Monday, December 01, 2008

Custody, Vacation & Holiday Schedules

Now that Thanksgiving has come and gone, hopefully anyone who shares custody of their children had a smooth holiday and was able to either share the day or knows that because they alternate, they will see the children next year for the Thanksgiving holiday.

Unfortunately, many people who develop custody schedules often forget to put their holiday and vacation schedule in writing. Many custody schedules include a line that states something simple like: "Holidays and vacations to alternate by agreement." However, this type of a plan is not always effective.

Holidays and vacations take planning.

Parents need to make arrangements in advance with other family members or to coordinate travel plans. In order to do so, parents need to have mutual expectations regarding their schedule. Therefore, in order to help smooth out the relationship with the other parent, it is best to map out holidays and vacations in advance. That way, you have something in writing, to fall back on, in case it comes time for the holiday or vacation and you and the other parent cannot agree. There is no better way to ruin a holiday than to find out the night before, or the morning of, that the children will not be coming. And if you have assembled extended family, the disappointment envelopes the whole holiday.

The first step in planning a holiday and vacation schedule is knowing which holidays are important to you and when you like to take your vacations. This may sound simple, but not everyone celebrates every holiday. Thinking about which ones you would like to celebrate with your children can open up some bargaining chips in negotiations with the other parent. For example, if you and your family have a big Fourth of July picnic every year but you usually work on Labor Day, perhaps you can negotiate with the other parent so that you always have July Fourth in exchange for the other parent always having the Labor Day holiday.

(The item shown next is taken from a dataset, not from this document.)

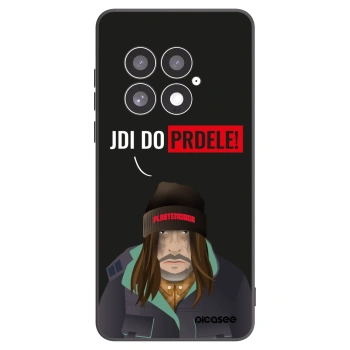 Picasee silikonowe czarne etui na OnePlus 13 5G - Bezďák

The first thing to do is to list the holidays that you may celebrate and determine which are important to you. Here is a list, probably not comprehensive for every family, but it should give you a good start:

Martin Luther King Day
President’s Day
Spring Break
Mother’s Day
Father’s Day
Memorial Day
Fourth of July
Labor Day
Columbus Day
Veteran’s Day
Fall Break
Rosh Hashanah
Yom Kippur
Christmas Eve
Christmas Day
New Year’s Eve
New Year’s Day
Winter Break
Here are some tips to consider when thinking about holidays and vacations. Being detail oriented now will help you to have stress free holidays and vacations for years to come. Remember the following:

1. If you travel, what would be the best pickup and drop-off times. For example, if you spend Thanksgiving at a relative’s house, two hours away, allow for travel time.
2. Who should provide transportation?

3. Are there holidays that you celebrate and the other parent does not? Use these as a bargaining chip.

4. Consider your work schedule and the children’s school schedules.

5. If there is a Monday holiday, would you like it to include the entire weekend or just Monday during the day?

6. Would you like to define Thanksgiving as the entire weekend, to allow for travel?

7. Should school breaks be alternated and rotated or divided midweek?

8. Would you like your custody schedule to include Mother’s or Father’s birthday or the child’s birthday?

9. Go through the list carefully – are there other holidays you would like to add that your family celebrates?

10. Reduce all agreements to writing and have it incorporated into an enforceable court order. You can always negotiate changes between yourselves but, in the event of a misunderstanding, you will have a set agreement on which to rely.

Best wishes for happy and stress free holidays.